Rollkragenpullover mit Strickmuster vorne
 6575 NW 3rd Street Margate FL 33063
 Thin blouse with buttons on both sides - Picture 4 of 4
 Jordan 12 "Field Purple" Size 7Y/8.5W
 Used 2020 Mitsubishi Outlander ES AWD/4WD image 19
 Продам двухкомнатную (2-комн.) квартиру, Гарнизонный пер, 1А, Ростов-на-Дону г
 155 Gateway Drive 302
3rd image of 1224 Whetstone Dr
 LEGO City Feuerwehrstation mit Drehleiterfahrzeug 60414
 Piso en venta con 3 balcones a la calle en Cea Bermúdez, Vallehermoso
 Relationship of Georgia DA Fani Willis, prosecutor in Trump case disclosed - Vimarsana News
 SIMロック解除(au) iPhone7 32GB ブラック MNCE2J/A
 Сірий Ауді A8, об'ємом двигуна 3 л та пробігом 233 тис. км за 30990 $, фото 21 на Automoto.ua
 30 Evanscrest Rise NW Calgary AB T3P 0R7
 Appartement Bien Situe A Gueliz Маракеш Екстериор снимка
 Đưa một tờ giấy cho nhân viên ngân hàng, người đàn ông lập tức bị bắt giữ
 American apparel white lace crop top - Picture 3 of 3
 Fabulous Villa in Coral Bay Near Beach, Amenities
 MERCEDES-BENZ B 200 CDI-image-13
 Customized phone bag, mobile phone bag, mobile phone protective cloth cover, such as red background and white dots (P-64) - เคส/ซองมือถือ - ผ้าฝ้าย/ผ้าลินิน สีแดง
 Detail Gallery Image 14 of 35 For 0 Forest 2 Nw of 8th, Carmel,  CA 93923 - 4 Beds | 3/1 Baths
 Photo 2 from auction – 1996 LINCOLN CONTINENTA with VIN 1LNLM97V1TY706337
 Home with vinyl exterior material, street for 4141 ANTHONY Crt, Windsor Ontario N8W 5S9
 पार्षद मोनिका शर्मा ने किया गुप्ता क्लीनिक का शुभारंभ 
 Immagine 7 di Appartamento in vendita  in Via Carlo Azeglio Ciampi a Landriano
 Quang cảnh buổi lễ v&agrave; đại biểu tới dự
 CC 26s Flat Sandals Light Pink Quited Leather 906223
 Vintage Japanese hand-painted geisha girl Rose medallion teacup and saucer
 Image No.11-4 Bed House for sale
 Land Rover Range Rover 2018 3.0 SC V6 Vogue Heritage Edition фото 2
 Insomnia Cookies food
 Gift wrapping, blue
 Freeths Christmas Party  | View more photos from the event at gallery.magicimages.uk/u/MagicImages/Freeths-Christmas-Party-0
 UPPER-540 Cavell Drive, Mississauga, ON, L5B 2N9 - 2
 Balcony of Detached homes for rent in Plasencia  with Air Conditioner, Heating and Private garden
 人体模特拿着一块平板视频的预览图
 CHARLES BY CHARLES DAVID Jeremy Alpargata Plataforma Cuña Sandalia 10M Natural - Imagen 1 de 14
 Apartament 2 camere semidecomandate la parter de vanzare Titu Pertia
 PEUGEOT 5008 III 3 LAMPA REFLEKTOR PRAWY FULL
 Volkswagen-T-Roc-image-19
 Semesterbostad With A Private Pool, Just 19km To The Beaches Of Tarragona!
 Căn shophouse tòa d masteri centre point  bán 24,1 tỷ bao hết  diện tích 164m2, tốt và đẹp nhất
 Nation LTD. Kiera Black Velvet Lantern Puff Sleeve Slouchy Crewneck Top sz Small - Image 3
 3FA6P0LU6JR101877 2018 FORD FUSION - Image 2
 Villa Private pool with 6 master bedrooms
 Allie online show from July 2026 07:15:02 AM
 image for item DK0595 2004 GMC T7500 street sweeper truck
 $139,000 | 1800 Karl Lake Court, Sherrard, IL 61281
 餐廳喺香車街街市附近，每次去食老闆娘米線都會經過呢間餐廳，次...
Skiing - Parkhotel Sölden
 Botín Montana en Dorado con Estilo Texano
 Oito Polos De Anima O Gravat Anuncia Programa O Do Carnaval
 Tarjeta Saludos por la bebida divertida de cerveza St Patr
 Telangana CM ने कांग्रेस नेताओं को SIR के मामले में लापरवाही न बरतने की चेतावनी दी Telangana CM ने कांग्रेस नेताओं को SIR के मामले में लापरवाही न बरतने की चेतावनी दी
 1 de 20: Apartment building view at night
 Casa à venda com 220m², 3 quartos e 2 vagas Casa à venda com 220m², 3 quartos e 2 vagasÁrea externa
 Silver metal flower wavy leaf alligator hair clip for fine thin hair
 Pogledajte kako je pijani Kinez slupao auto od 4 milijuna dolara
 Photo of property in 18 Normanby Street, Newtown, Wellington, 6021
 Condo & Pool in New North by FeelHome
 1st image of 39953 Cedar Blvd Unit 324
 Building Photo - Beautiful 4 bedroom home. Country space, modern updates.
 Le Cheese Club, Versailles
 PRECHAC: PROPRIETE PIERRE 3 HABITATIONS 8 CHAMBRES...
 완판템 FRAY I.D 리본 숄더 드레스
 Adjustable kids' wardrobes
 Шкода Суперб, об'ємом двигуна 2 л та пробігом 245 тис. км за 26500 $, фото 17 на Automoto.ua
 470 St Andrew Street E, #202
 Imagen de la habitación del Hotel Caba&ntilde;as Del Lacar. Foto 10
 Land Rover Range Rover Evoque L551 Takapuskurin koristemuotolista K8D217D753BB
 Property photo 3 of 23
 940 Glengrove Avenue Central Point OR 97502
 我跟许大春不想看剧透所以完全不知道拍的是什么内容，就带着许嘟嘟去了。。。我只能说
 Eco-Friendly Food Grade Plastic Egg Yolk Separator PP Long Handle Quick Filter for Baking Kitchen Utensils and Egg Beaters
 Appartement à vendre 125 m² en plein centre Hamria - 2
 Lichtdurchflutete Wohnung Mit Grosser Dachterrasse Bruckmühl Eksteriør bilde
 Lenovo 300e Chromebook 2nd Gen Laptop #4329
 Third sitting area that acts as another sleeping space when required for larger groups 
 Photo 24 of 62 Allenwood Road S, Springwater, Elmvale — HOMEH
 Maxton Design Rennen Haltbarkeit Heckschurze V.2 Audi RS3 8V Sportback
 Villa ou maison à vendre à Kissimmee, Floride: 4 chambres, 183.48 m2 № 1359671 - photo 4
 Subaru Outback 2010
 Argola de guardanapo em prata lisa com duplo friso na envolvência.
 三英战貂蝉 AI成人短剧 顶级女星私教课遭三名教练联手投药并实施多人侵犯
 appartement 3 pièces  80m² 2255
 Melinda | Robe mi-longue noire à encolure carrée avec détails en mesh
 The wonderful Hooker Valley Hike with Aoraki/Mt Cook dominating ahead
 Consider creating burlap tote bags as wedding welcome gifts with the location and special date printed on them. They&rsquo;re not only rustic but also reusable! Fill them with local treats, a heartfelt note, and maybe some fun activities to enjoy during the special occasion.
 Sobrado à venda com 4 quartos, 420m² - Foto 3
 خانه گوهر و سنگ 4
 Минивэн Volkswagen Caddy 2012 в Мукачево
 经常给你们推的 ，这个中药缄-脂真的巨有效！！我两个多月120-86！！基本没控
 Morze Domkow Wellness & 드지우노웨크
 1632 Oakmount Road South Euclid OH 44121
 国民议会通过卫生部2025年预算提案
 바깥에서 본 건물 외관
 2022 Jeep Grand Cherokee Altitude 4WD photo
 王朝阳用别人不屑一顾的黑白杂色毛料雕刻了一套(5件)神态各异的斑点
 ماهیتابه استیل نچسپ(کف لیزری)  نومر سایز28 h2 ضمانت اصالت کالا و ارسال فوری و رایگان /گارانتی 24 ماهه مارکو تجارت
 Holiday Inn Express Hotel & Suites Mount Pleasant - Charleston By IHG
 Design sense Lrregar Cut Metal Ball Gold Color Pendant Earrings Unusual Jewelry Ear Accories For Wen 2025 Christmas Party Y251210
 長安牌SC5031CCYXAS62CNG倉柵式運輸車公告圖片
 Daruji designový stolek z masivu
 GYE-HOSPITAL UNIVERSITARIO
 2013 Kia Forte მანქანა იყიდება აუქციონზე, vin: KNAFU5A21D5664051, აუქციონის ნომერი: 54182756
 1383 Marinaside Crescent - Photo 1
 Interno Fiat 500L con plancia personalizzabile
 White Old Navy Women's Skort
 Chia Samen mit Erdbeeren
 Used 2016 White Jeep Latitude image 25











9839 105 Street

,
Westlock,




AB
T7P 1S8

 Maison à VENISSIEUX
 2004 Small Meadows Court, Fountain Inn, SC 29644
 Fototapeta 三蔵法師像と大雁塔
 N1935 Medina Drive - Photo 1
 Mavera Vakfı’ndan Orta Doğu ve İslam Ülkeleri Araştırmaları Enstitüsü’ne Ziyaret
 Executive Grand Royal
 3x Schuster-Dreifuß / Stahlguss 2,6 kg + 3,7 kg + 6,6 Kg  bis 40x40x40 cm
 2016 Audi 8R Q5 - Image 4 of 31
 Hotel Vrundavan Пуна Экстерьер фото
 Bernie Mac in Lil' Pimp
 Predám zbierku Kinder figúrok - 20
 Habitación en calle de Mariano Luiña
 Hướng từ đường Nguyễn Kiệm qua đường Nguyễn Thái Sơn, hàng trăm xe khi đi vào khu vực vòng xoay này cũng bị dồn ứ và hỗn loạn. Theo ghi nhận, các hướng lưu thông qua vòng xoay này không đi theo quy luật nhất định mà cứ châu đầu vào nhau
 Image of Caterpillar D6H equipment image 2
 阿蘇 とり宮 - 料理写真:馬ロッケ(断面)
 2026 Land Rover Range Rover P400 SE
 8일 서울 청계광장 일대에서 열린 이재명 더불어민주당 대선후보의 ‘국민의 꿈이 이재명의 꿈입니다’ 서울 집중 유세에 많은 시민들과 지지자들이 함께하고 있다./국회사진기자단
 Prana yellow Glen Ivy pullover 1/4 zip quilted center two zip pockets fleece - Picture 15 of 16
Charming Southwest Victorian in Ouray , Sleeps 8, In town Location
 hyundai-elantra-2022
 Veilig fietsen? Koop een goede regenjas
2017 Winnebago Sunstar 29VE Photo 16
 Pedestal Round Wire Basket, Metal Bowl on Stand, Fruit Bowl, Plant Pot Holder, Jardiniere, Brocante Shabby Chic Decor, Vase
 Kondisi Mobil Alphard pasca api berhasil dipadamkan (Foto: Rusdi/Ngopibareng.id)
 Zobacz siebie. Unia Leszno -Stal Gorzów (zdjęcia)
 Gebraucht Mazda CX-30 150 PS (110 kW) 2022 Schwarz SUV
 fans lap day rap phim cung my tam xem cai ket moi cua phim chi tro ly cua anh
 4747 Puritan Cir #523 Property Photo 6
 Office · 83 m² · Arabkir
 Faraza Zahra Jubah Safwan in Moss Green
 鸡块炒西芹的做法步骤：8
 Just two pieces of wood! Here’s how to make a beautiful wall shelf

***

In the entries above, find the line with "Used 2020 Mitsubishi" and the line with "Customized phone bag, mobile", then restate word for word both of them and every line between, with nothing more.

TASK OUTPUT
 Used 2020 Mitsubishi Outlander ES AWD/4WD image 19
 Продам двухкомнатную (2-комн.) квартиру, Гарнизонный пер, 1А, Ростов-на-Дону г
 155 Gateway Drive 302
3rd image of 1224 Whetstone Dr
 LEGO City Feuerwehrstation mit Drehleiterfahrzeug 60414
 Piso en venta con 3 balcones a la calle en Cea Bermúdez, Vallehermoso
 Relationship of Georgia DA Fani Willis, prosecutor in Trump case disclosed - Vimarsana News
 SIMロック解除(au) iPhone7 32GB ブラック MNCE2J/A
 Сірий Ауді A8, об'ємом двигуна 3 л та пробігом 233 тис. км за 30990 $, фото 21 на Automoto.ua
 30 Evanscrest Rise NW Calgary AB T3P 0R7
 Appartement Bien Situe A Gueliz Маракеш Екстериор снимка
 Đưa một tờ giấy cho nhân viên ngân hàng, người đàn ông lập tức bị bắt giữ
 American apparel white lace crop top - Picture 3 of 3
 Fabulous Villa in Coral Bay Near Beach, Amenities
 MERCEDES-BENZ B 200 CDI-image-13
 Customized phone bag, mobile phone bag, mobile phone protective cloth cover, such as red background and white dots (P-64) - เคส/ซองมือถือ - ผ้าฝ้าย/ผ้าลินิน สีแดง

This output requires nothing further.